It’s a tragic reality, but dementia not only erodes a person’s memory, it can also increase their paranoia, cause delusions and hallucinations, impair both their vision and hearing and reduce their manual dexterity and fine motor skills—in short, it can affect every physical, psychological and emotional factor that helps make us safe gun users. And, unfortunately, the problem is only getting worse, as 6.2 million American families already struggle with some form of dementia, and that number is expected to more than double to 15 million during the next two decades as the baby boomers start to enter their seventies. Dementia And Firearm Safety is a 64-page booklet put out by DementiaEducation, Inc., that discusses the topic of Alzheimer’s disease and the other causes of dementia with particular emphasis on how they impact responsible firearm ownership and use.
With sections written by a Certified Dementia Practitioner, a retired sheriff’s deputy, a gun shop owner, a decorated target shooter and an attorney who specializes in gun trusts, the book identifies both the mental and physical manifestations of dementia, provides tips for securing firearms from sufferers of dementia and even offers information on a few tests that can be taken at home to help with early detection. Ultimately, dementia is a syndrome that is progressive and irreversible, so responsible firearm owners of advancing age, or those with a family history of dementia, should take steps now, while still in full possession of their mental faculties, to prepare for the day when they are not. Dementia And Firearm Safety explains several ways that this can be done, including firearm custody affidavits and signed covenants with family members or friends, both of which allow trusted loved ones to take over stewardship of an affected person’s firearms at the onset of dementia—with appendices in the back of the book that provide examples of each—as well as information concerning gun trusts.
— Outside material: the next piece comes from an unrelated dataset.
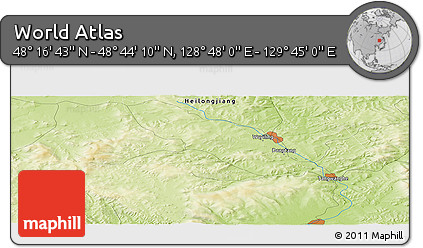 Physical Panoramic Map of the Area around 48° 30' 27" N, 129° 16' 30" E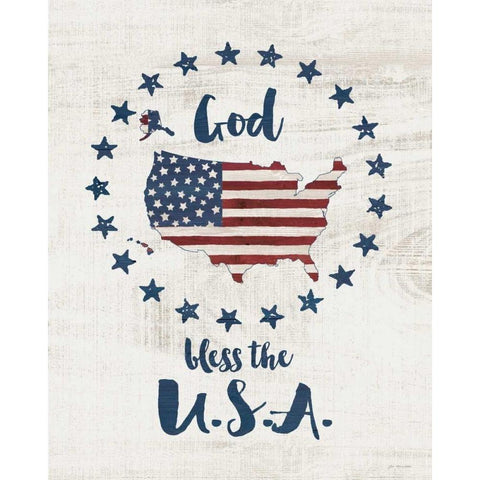 God Bless USA White Modern Wood Framed Art Print by Moulton, Jo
While I recognize that a discussion of this topic is not pleasant, it is still a necessary one for many shooters to have. And for the sake of the safety of those around you—particularly given the recent push for “Red Flag” gun-control laws across our nation—it is one that is certainly better to have sooner rather than later, before the situation becomes dangerous or the courts and social-welfare and law-enforcement agencies get involved to make these decisions for you. Dementia And Firearm Safety is available on Amazon (amazon.com) in paperback for $10 and in digital format for $3.